The task: Repeat the lines below exactly as written, please, from the line with "We understand that" to the line with "If you took", both lines included, and no others.

Source material:
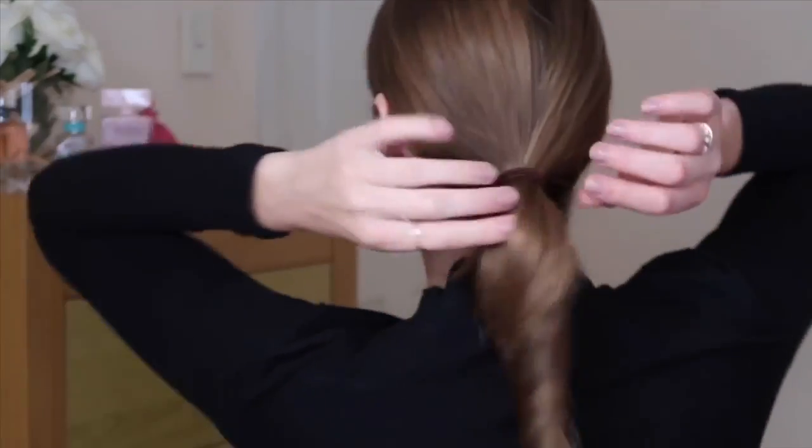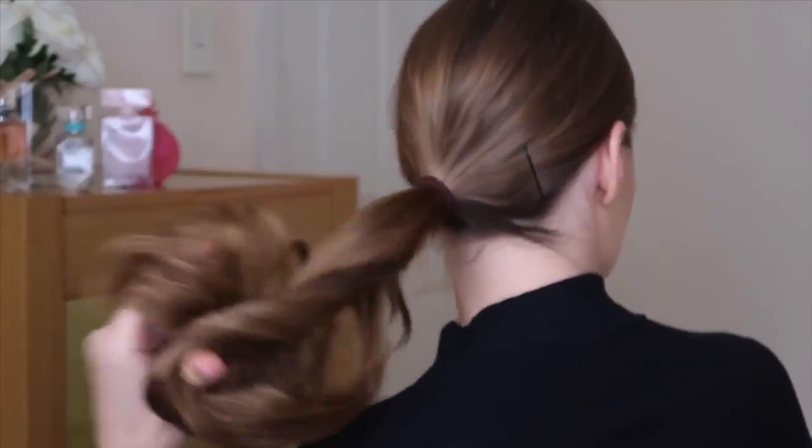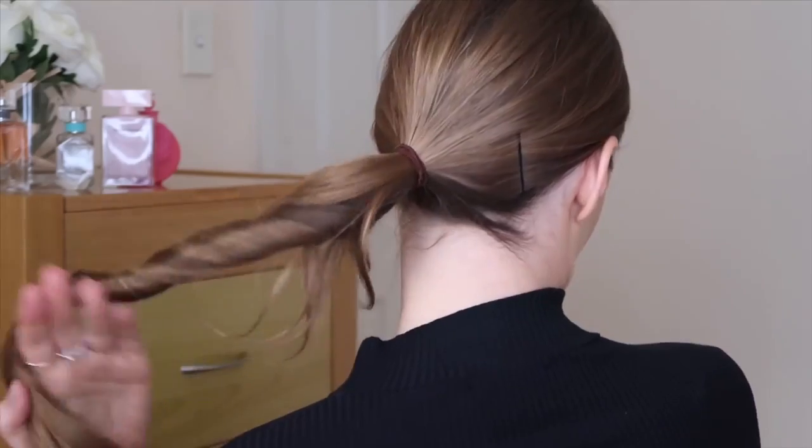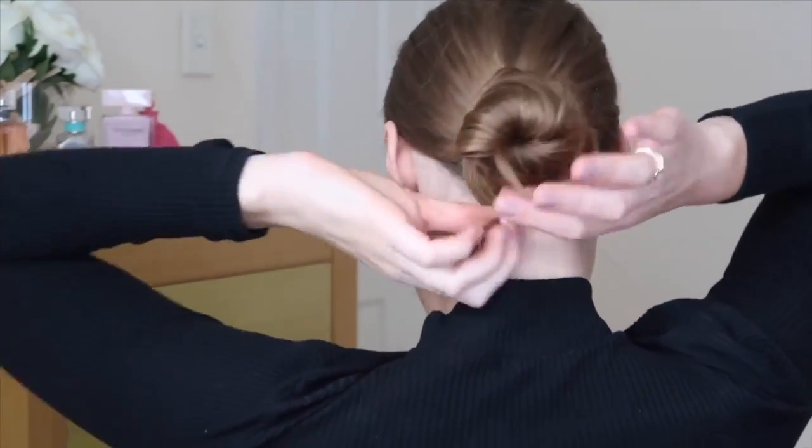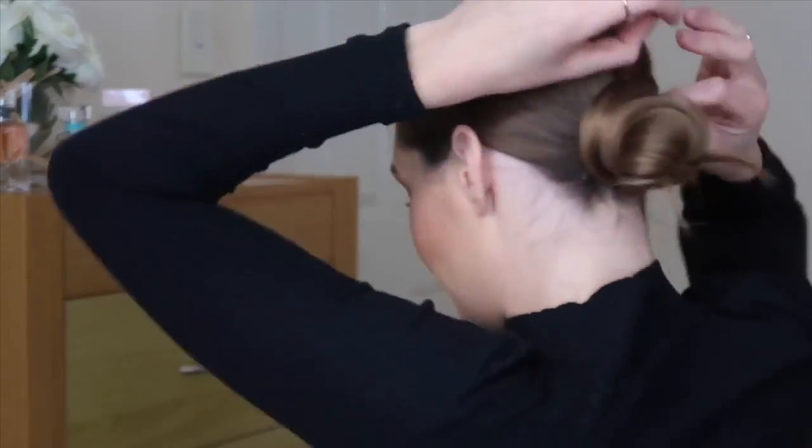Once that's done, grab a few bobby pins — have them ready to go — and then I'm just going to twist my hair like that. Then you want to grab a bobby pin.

...

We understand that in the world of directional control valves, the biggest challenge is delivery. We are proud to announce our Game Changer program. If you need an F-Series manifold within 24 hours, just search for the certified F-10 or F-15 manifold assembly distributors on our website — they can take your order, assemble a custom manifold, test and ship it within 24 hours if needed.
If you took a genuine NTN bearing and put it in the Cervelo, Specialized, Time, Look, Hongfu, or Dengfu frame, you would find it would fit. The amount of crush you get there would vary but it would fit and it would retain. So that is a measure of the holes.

Output for this task:
We understand that in the world of directional control valves, the biggest challenge is delivery. We are proud to announce our Game Changer program. If you need an F-Series manifold within 24 hours, just search for the certified F-10 or F-15 manifold assembly distributors on our website — they can take your order, assemble a custom manifold, test and ship it within 24 hours if needed.
If you took a genuine NTN bearing and put it in the Cervelo, Specialized, Time, Look, Hongfu, or Dengfu frame, you would find it would fit. The amount of crush you get there would vary but it would fit and it would retain. So that is a measure of the holes.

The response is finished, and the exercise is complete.